Work instruction:
Exact copy, no pictures: repeat the data that follows.

Data below:
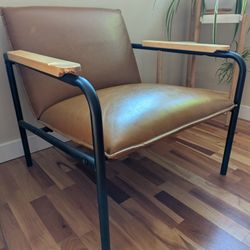 Mid Century Modern Leather Accent Chair 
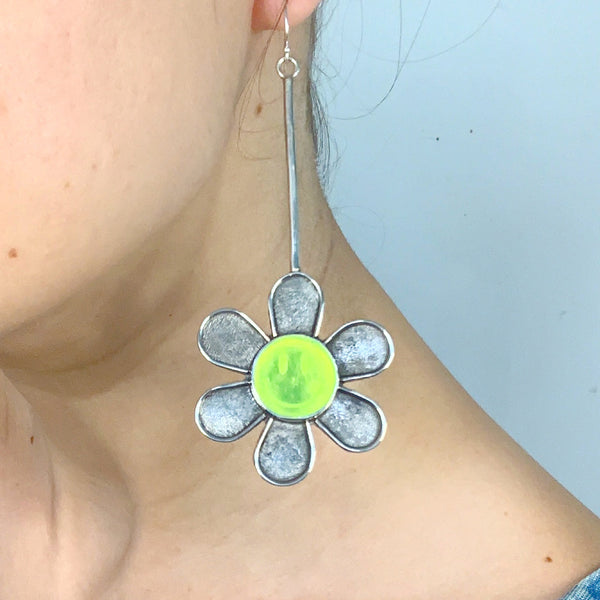 Flower Power Smiley Earrings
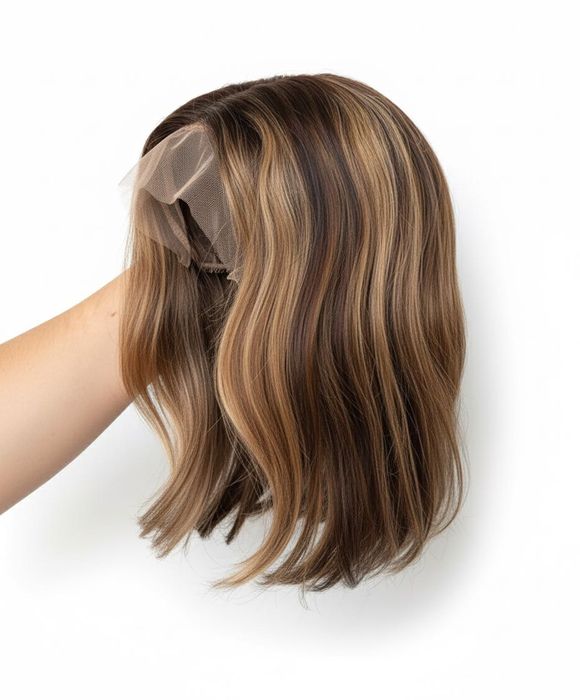 Peruka 100% włosy naturalne bob balejaż pasemka lace front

Finished task:
 Mid Century Modern Leather Accent Chair 
 Flower Power Smiley Earrings
 Peruka 100% włosy naturalne bob balejaż pasemka lace front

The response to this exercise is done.